2. Rubber band ligation. Ligasi jaringan hemoroid dengan rubber band menyebabkan nekrosis iskemia, ulserasi dan scarring
yang akan menghsilkan fiksasi jaringan ikat ke dinding rektum. Komplikasi prosedur ini adalah nyeri dan perdarahan.
3. Infrared thermocoagulation. Sinar infra merah masuk ke jaringan dan berubah menjadi panas. Manipulasi instrumen
tersebut dapat digunakan untuk mengatur banyaknya jumlah kerusakan jaringan. Prosedur ini menyebabkan koagulasi, oklusi,
dan sklerosis jaringan hemoroid. Teknik ini singkat dan dengan komplikasi yang minimal.
4. Bipolar Diathermy. Menggunakan energi listrik untuk mengkoagulasi jaringan hemoroid dan pembuluh darah yang
memperdarahinya. Biasanya digunakan pada hemoroid internal derajat rendah.
5. Laser haemorrhoidectomy.
6. Doppler ultrasound guided haemorrhoid artery ligation. Teknik ini dilakukan dengan menggunakan proktoskop yang
dilengkapi dengan doppler probe yang dapat melokalisasi arteri. Kemudian arteri yang memperdarahi jaringan hemoroid
tersebut diligasi menggunakan absorbable suture. Pemotongan aliran darah ini diperkirakan akan mengurangi ukuran
hemoroid.
7. Cryotherapy. Teknik ini dilakukan dengan menggunakan temperatur yang sangat rendah untuk merusak jaringan. Kerusakan
ini disebabkan kristal yang terbentuk di dalam sel, menghancurkan membran sel dan jaringan. Namun prosedur ini
menghabiskan banyak waktu dan hasil yang cukup mengecewakan. Cryotherapy adalah teknik yang paling jarang dilakukan
untuk hemoroid (American Gastroenterological Association, 2004).
8. Stappled Hemorrhoidopexy. Teknik dilakukan dengan mengeksisi jaringan hemoroid pada bagian proksimal dentate line.
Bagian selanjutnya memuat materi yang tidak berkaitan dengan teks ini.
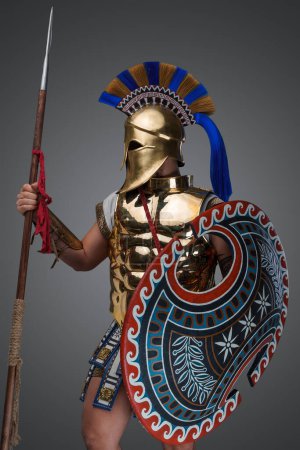 Téléchargez les photos : Portrait of isolated on grey background greek warrior dressed in bronze armor and helmet. - en image libre de droit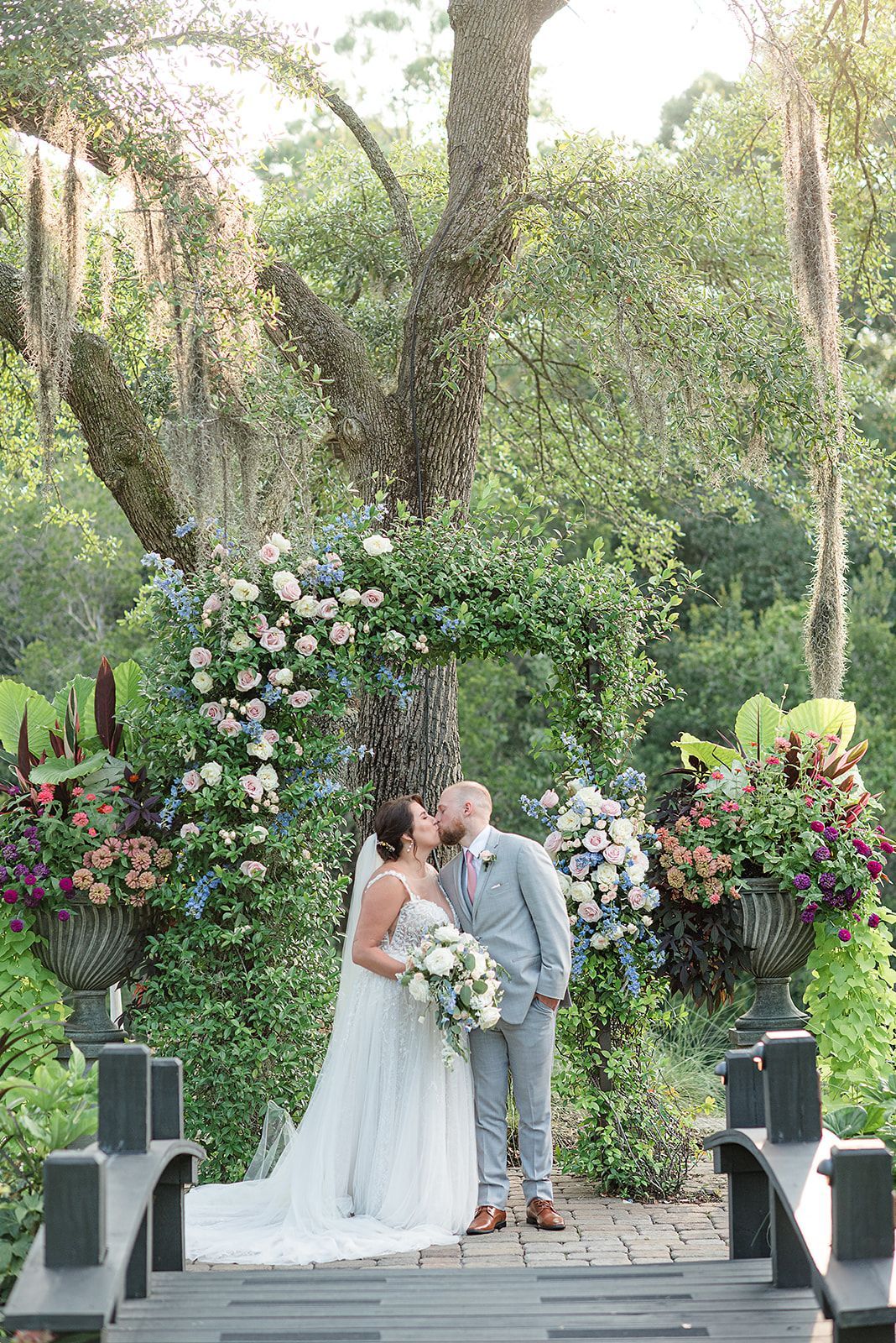 Bride and groom kiss beneath a flower-filled arch in an outdoor garden ceremony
Keuntungan pada stappled hemorrhoidopexy adalah berkurangnya rasa nyeri paska operasi selain itu teknik ini juga aman dan
efektif sebagai standar hemorrhoidectomy (Halverson, 2007).
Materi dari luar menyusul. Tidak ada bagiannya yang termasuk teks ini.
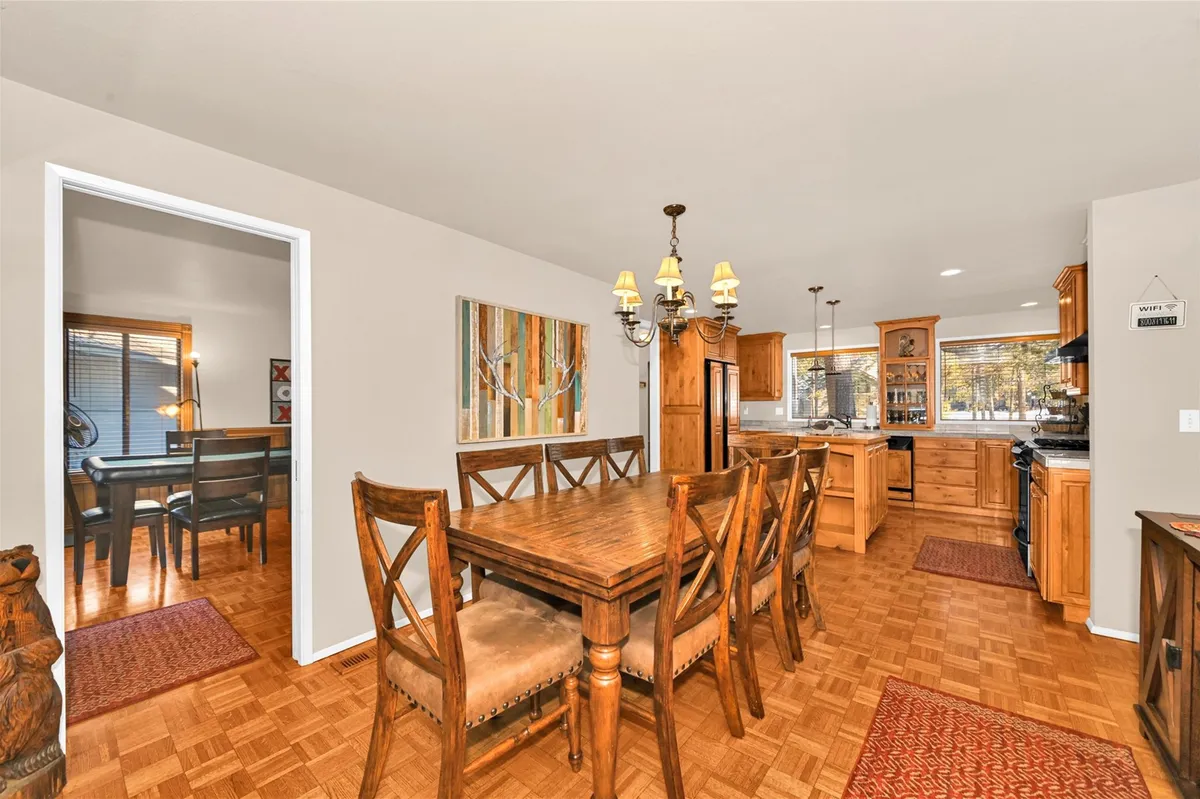 A cheerful dining area adjacent to the kitchen, complete with a large wooden table, elegant chandelier, and inviting decor. The space is ready for family dinners or festive gatherings, with a glimpse of the kitchen in the background.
Menurut Nagie (2007), pencegahan hemoroid dapat dilakukan dengan:


1. Konsumsi serat 25-30 gram sehari. Makanan tinggi serat seperti buah-buahan, sayur-mayur, dan kacang-kacangan
menyebabkan feses menyerap air di kolon. Hal ini membuat feses lebih lembek dan besar, sehingga mengurangi proses
mengedan dan tekanan pada vena anus.
2. Minum air sebanyak 6-8 gelas sehari
3. Mengubah kebiasaan buang air besar. Segera ke kamar mandi saat merasa akan buang air besar, jangan ditahan karena akan
memperkeras feses. Hindari mengedan.